# 23 year old Jotul Model 118



## boots5050 (Nov 13, 2010)

Does anybody have a manual for this older model Jotul?? Also I am getting alot of creosote off of this stover-has anybody experienced this with this model, My stove has a 90 degree at the hook-up-goes up four feet and 90 degree to outsied liner (stainless triple wall). The stove is in my basement and I also burn pellets down there. Is the build-up due to a low pressure situation and the logs are not burning hot enough. Anyone with an older Jotul 118 please contact me. You can also reach me at my e-mail at boots5050@att.net


----------



## webbie (Nov 13, 2010)

If no one sent you the manual, you can purchase a PDF from here:
http://woodheatstoves.com/jotul-f-118-usa-user-manual-p-12525.html

My first thought is that your problem is the wood...are you 100% sure that it is very dry and split well enough? A stove like that should take splits no larger than about 6" in any direction, and probably smaller.

Also, are you familiar with the way that stove burns? Front to back - then rake the coals back to the front?
https://www.hearth.com/econtent/index.php/articles/tending_a_wood_fire

If you cannot get it going well with bone dry wood, that might signal a chimney problem. Can you make the 90 degrees els into 45's to make the slope more gentle? Is there furnace cement sealing all pipe joints?


----------



## AngusMac (Nov 13, 2010)

I had an old 118 and now have the new Black Bear.
These stoves didnt tar up with me, and if I used them correctly they were both quite clean.
There could be a number of issues.

Not burning it hot enough, use a stove thermometer.
Not enough chimney draught. One way to over come this is burn 2 logs side by side about 1 cm apart, this is the best way to use these stoves anyway.
Not enough air coming into the room?
Wet wood.


----------



## begreen (Nov 13, 2010)

First suspect would be the wood. These stoves burn quite cleanly if they are in good condition. Semi-seasoned wood has all the characteristics described. Sluggish, cool fire, bad creosote build up.  

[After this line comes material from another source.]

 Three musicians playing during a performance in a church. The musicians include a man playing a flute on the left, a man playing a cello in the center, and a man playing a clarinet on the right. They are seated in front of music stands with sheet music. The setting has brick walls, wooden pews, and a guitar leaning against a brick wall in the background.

IF the wood is really dry: 
Check the interior burn plates and baffle. If they are cracked, warped or twisting, the stove will not burn correctly. Make sure the upper chamber is clean.

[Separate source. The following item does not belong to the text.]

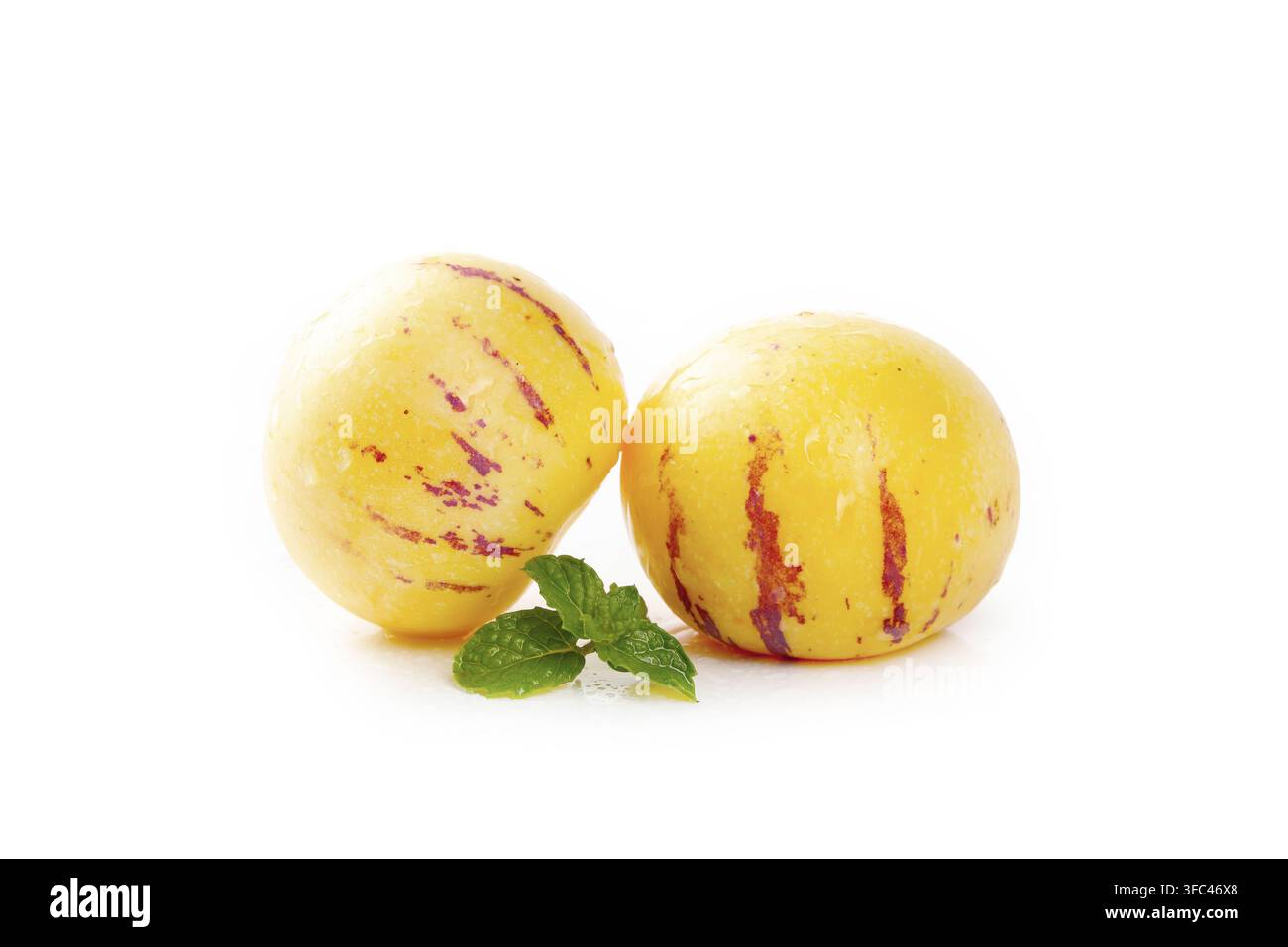 Two pepino melons with mint leaves isolated on a white background. Stock Photo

Next suspect would be draft. Make sure the chimney is cleaned. Yesterday we had a report of a flue that you couldn't pass a fist through due to the build up in it. If the chimney has a clean out door, make sure it is sealed shut. You could try duct tape as a temporary test sealer.

Last would be negative draft caused by too many competing appliances in the basement. Turn everything off. This would include the pellet stove, furnace, gas hw heater, bath fan and clothes dryer. Do this upstairs too. Then see if the stove burns much more vigorously. If not, try opening a close by window or door (not upstairs). 

If all these fail, then it usually comes back to the wood not really being dry. One question though, can you describe the outside flue? What size pipe is it and how tall is it?


----------



## precaud (Nov 13, 2010)

I burned oak in a 118 for a couple years back in the 80's and loved it, though it didn't burn quite as clean as the old 602. I agree with Craig on wood size, use smaller-diameter splits/rounds, use at least 3 at a time, and don't choke it down too much otherwise the rear 1/4 or so won't burn but will just smoulder, not what you, or your neighbors, want...


----------



## scottperkins (Feb 23, 2011)

If you are not sure about the moisture content of your wood,  take the biggest logs that
will fit in your cooking oven and bake them at 300 degrees for an hour or two.
Then IF those logs do not burn you KNOW you have a problem with something else.

Also, pine, fur, poplar and other low density softwoods burn faster and hotter then
dense hardwoods.   Careful not to get it too hot though... They say many stoves
warp badly if you get em too hot.


----------